As much as discussion of Western multiculturalism serves as a vehicle for criticising and rethinking China’s own ethnic policies, it rarely offers concrete prescriptions for change.

Valerii Tishkov, sociologist. Source: Russian Council

Valerii Tishkov, sociologist.
Source: Russian Council

A more useful model for China might be found in neighbouring Russia. Russia today is a federation that still includes autonomous ethnic republics and oblasts held in varying degrees of submission to Putin’s centralising grip. Arguably, this more closely resembles China and its system of ethnic autonomy than did the former Soviet Union.

During the 1990s, Russian officials took a number of steps to dismantle the Soviet framework of nationality and national autonomy, blaming it for inhibiting integration and the development of a pan-Russian patriotism. A leading theorist behind these moves was the sociologist Valerii Tishkov. His work has been translated and published in Chinese, and is often cited by minzu specialists such as the Peking University sociologist Ma Rong. Tishkov served as an advisor to Boris Yeltsin; in recent years his work has influenced Vladimir Putin’s push for an all-encompassing ‘Russianness’ with which Russia’s non-Slavic peoples can identify.

Relying on the linguistic distinction between Russkii (ethnically Russian) and Rossiiskii (pertaining to the Russian state), Tishkov asks citizens of Russia to think of themselves as ‘Rossian’ first (not Russian), and Tatar or Ukrainian only second. Very much akin to the Chinese dream of realising a unified Zhonghua minzu, Tishkov’s goal of an all-encompassing Rossian identity expresses a kind of universality that is unlikely to appeal to any nationalities fearful of assimilation.

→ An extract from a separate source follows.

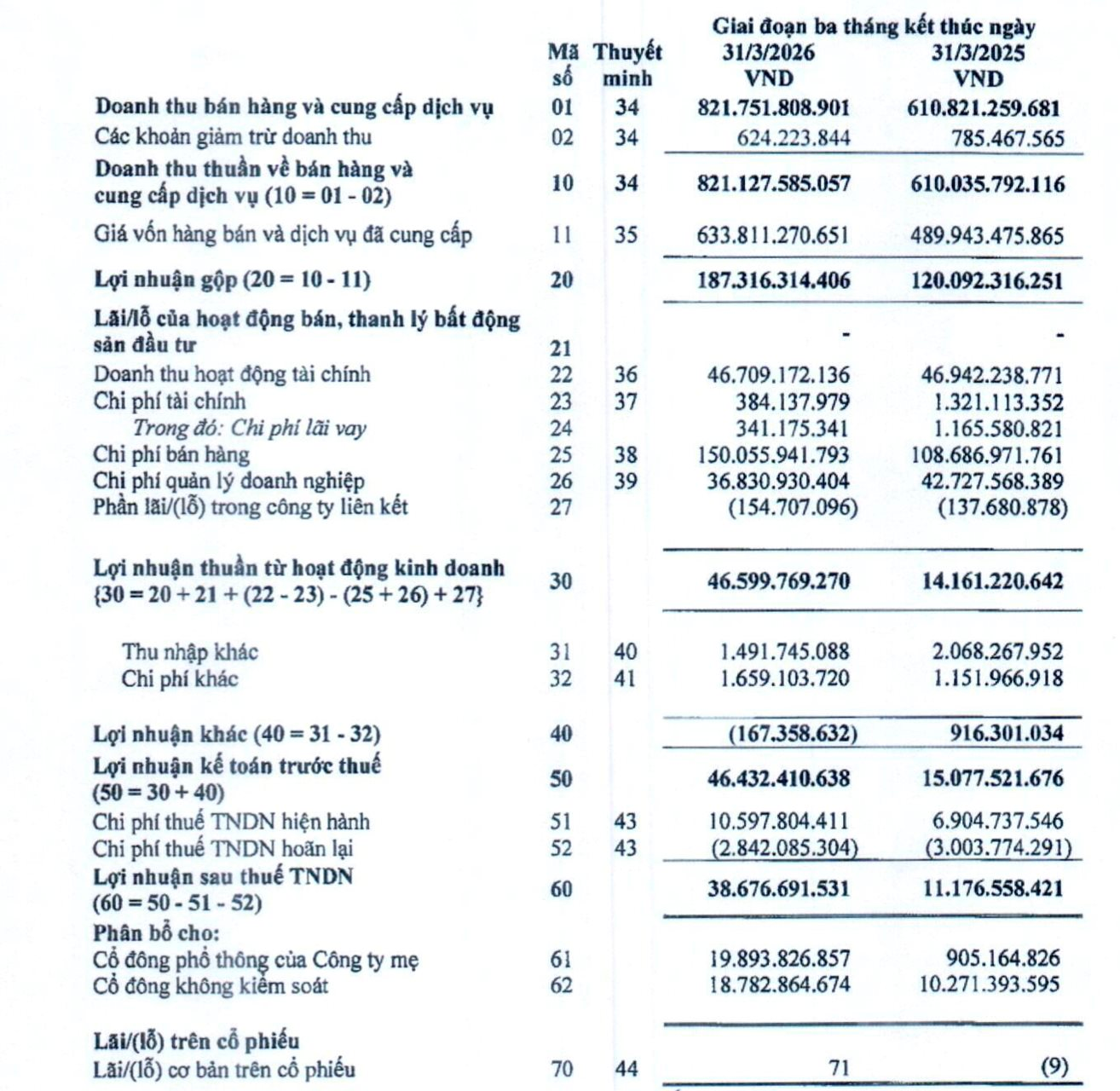 Lãi ròng tăng hơn 2.000%, công ty của bà Mai Kiều Liên vượt kế hoạch năm chỉ sau 3 tháng - Ảnh 1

As in China today, in the Russia of the 1990s these reforms were promoted as steps towards social liberalisation: the notorious ‘nationality’ category in the Russian passport, after all, was an innovation of Josef Stalin. Yet when it was removed from the passport, leading voices among non-Russian groups such as the Tatars criticised it as a step towards assimilation.

Such is the dilemma faced by China’s ‘second-generation’ theorists. With trust between Han and non-Han a rare commodity, dissolving structures of national autonomy in the name of greater social mobility and cultural cross-fertilisation is almost certainly to be perceived as a threat to already endangered minority languages and cultures, as well as the last remaining spheres of non-Han authority in minority regions.

Critical minority voices are muted in scholarly journals and official forums, but find an outlet on personal websites. The Mongolian Altanbolag has written on his blog that the call for a ‘second-generation nationality policy’ means one of two things: either that China will allow freedom of speech for all viewpoints on its nationality policy; or, more likely in his view, that a selective airing of views critical of current policy will lay the groundwork for a racist and exterminationist turn in China’s ethnic policy.

His piece is alarmist, perhaps, but indicative of the suspicion that will greet any major shift in China’s ethnic policy. For this reason, while endorsing the goal of unifying the Zhonghua minzu, many officials have sounded a warning against ‘forcing’ the integration process. As Huang Zhu – a veteran researcher in the United Front Department and State Ethnic Affairs commission – has pointed out, the last time that criticisms of the system of autonomous regions and constitutional concessions for ethnic minorities were aired was during a period the Party would prefer to forget — the Cultural Revolution.